Because, besides continuing to be a rare bit of transparency into a very secretive, mythological and high-tech segment of the trading ecosystem (that we should not expect to last forever), it also defines the highest levels of workflow automation and process efficiency for the broader asset management ecosystem – and, perhaps, all of global financial services. In short, there is direct observational value here as well as a contextual value for insights about everything else in the neighborhood. Now, that may sound boring to some, but this particular variant of naughty talk is about to go mainstream.
With the increasing dominance of quantitative methods and workflow automation over the asset management world and their stakeholders – as we started to showcase here – tracking the pace of innovation, adoption and dominance around these techniques will be critical for the navigation of business transformation – whether you are already in bed with those techniques yet or not.

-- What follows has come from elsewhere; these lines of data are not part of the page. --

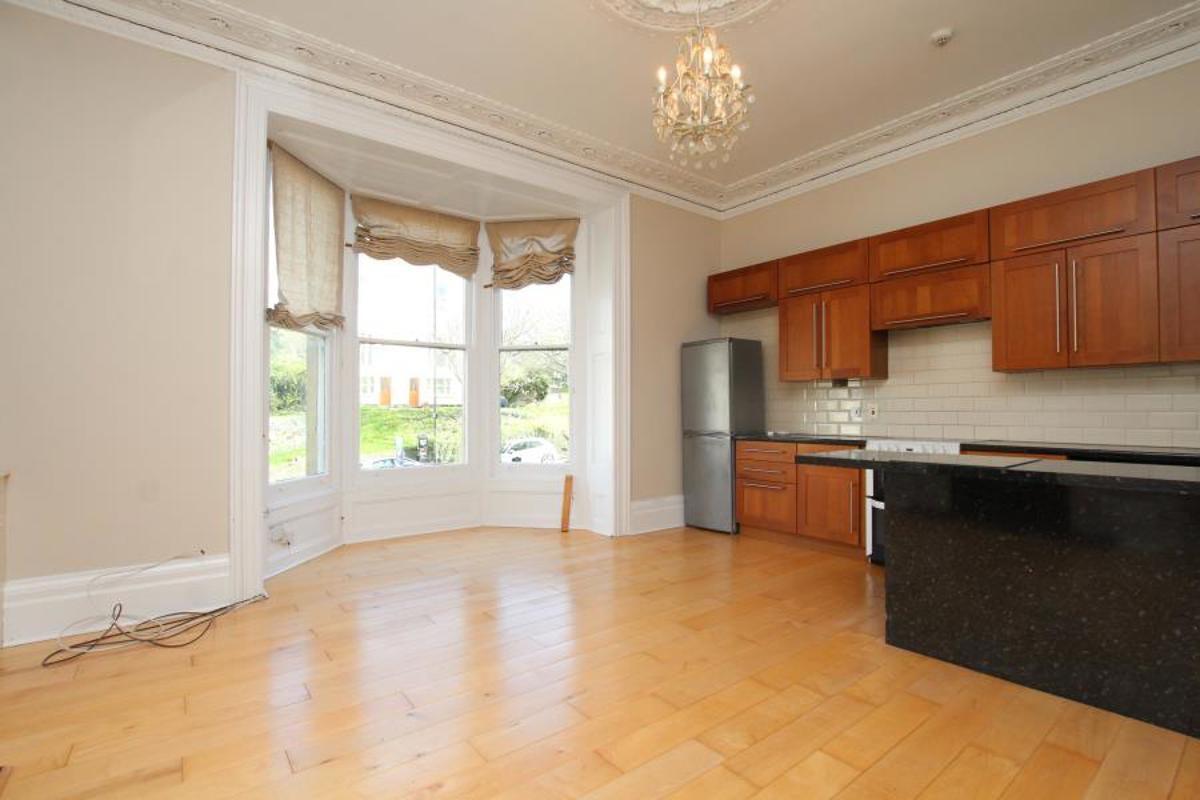 Flat Cotham Brow in Bristol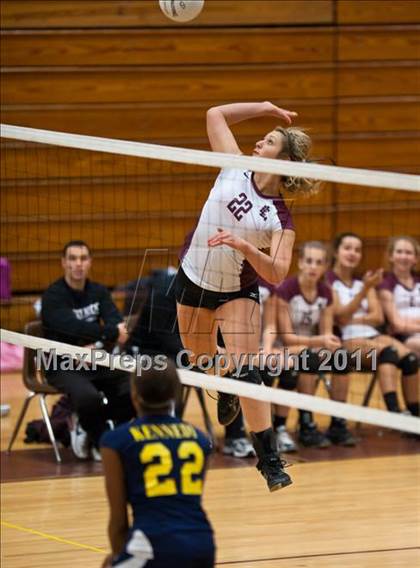 Thumbnail 3 in East Lyme vs. Kennedy (CIAC Class L Second Round) photogallery.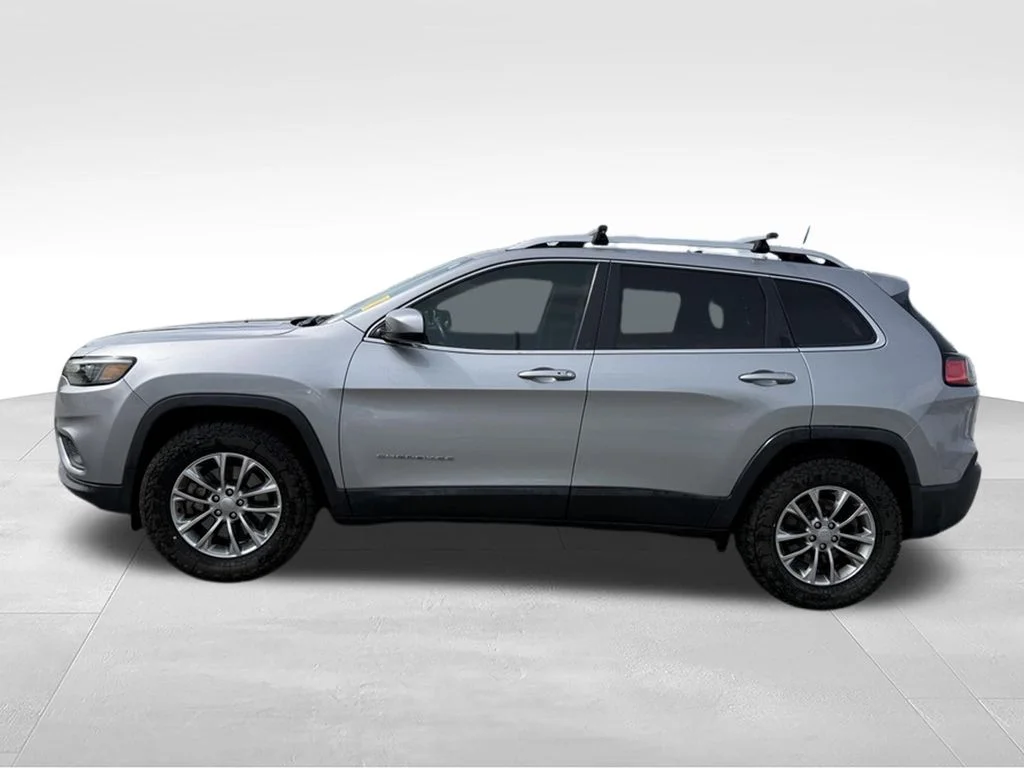 Used 2019 Silver Jeep Latitude Plus image 2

So, while it can be illuminating to focus from time to time on the micro-views, it’s important to know that Alphacution is building its platform so that all the micros fit together like Legos to make a comprehensive macro-view, like a map of the proverbial landscape. Think “fractals” if you are still stuck ruminating about naughty talk.
With that, please meditate on the illustration below without further comment, for now – except to say that 1) Virtu and FT are members of the Structural Alpha Zone, along with the not-intended-to-be-a-complete list of others named there, 2) this group is also only a small and concentrated component of a much broader asset management continuum, and 3) the reader should focus on the shapes – in all of the following charts – more than the numbers. (For more on this, refer back to the recent post The Privatization of Alpha and download an executive summary to the research behind this picture here: What Does Citadel* Spend on Technology?)
Now, back to setting the opening thread: For this post, we are looking specifically at strategy similarities among the public market making firms, if any. In a follow-up post, we can go back to our other wheelhouse and add a comparison of technology spending patterns to the analysis. Note also that while FT is focused primarily on ETPs, Virtu is much more highly diversified across products, asset classes and regions. According to their 2017 10-K filing, Virtu “provides competitive bids and offers in over 25,000 securities and other financial instruments, at over 235 venues, in 36 countries worldwide.”
Still, for the first and second quarters of 2018, Virtu averaged 87.8% of its market making revenue in the US and 69.0% from Americas equities. Moreover, this level of revenue concentration becomes more fascinating when one considers that, according to BlackRock, ~80% of US equity volume is concentrated in the top 500 names.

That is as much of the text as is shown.